La potabilité de l'eau adoucie
L'adoucissement sur résines échangeuses d'ions fait partie des procédés reconnus par le Ministère de la Santé pour le traitement des eaux destinées à la consommation humaine.
Ainsi, dans certaines agglomérations, l'eau très dure subit un adoucissement partiel sur résines avant d'être distribuée dans le réseau public.

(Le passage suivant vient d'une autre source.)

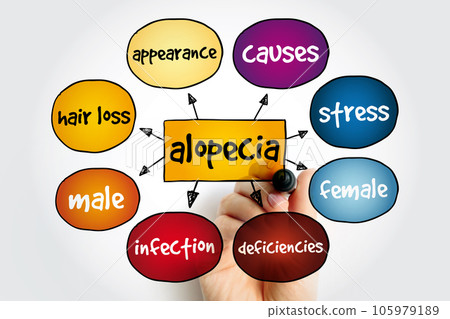 Alopecia mind map, medical concept for presentations and reports Alopecia mind map, medical concept for presentations and reports 105979189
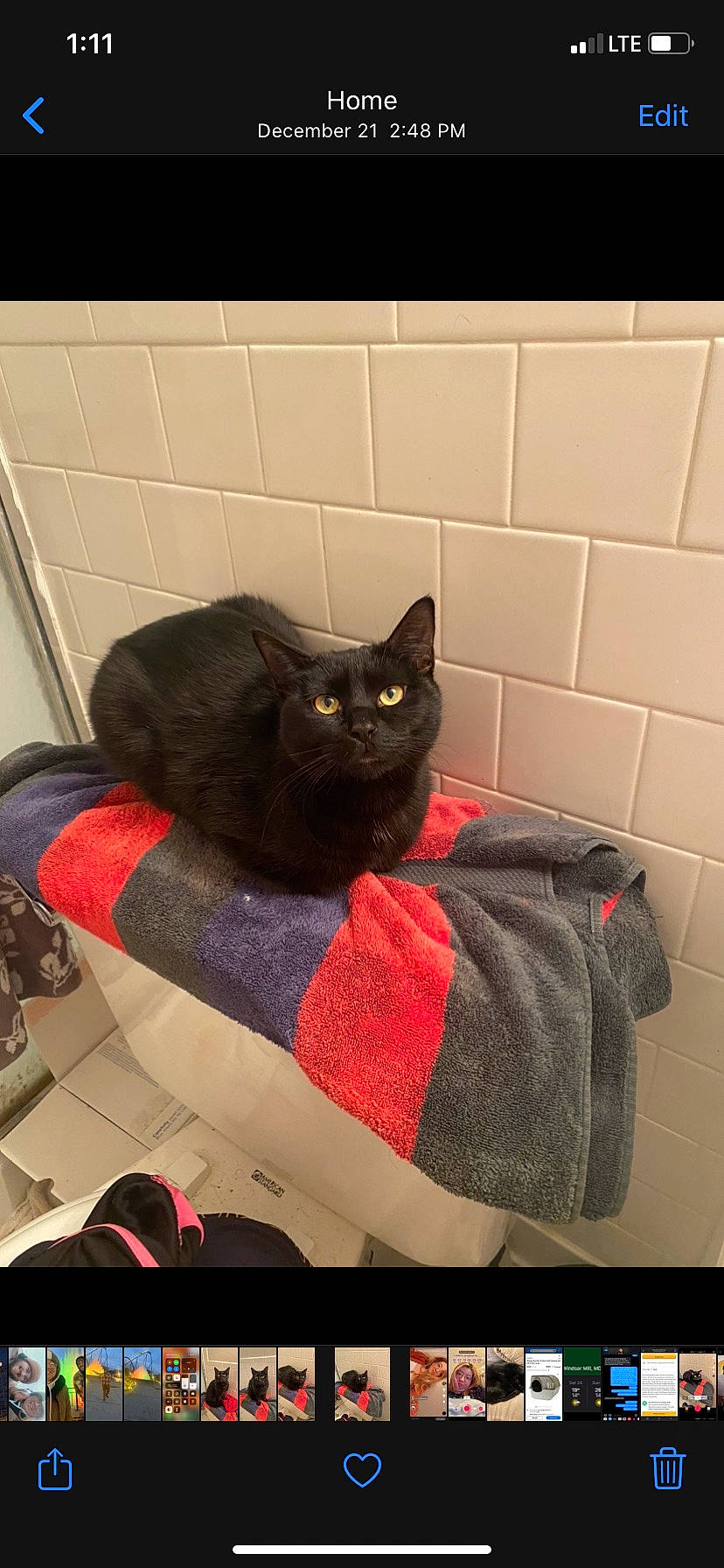 Freya is registered to the contest to win money with this photo: bag, black_cat, bombay, carmine, carnivore, cat, comfort, domestic_short_haired_cat, felidae, fur, grey, pattern, pet_supply, room, sitting, small_to_medium_sized_cats, snout, tail, tints_and_shades, whiskers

Par échange ionique, la composition de l'eau est modifiée. Elle échange son calcium et son magnésium contre du sodium. La référence de qualité retenue par la réglementation est de 200 milligrammes par litre de sodium. En prenant l'exemple d'une eau dure dont le TH(*1) initial est de 30°f (comme Annecy, La Rochelle, Mâcon, Montpellier ou Strasbourg), l'adoucissement à 8°f n'introduit que 100 milligrammes de sodium par litre.
L'alimentation normale d'un adulte lui apporte 6000 milligrammes de sel par jour; un régime "sans sel", entre 1000 et 2000 milligrammes. À la lumière de cet exemple, comme en règle générale, on voit que l'apport en sodium des aliments est d'environ 98% contre 2% d'apport résiduel dû à l'adoucissement (*2).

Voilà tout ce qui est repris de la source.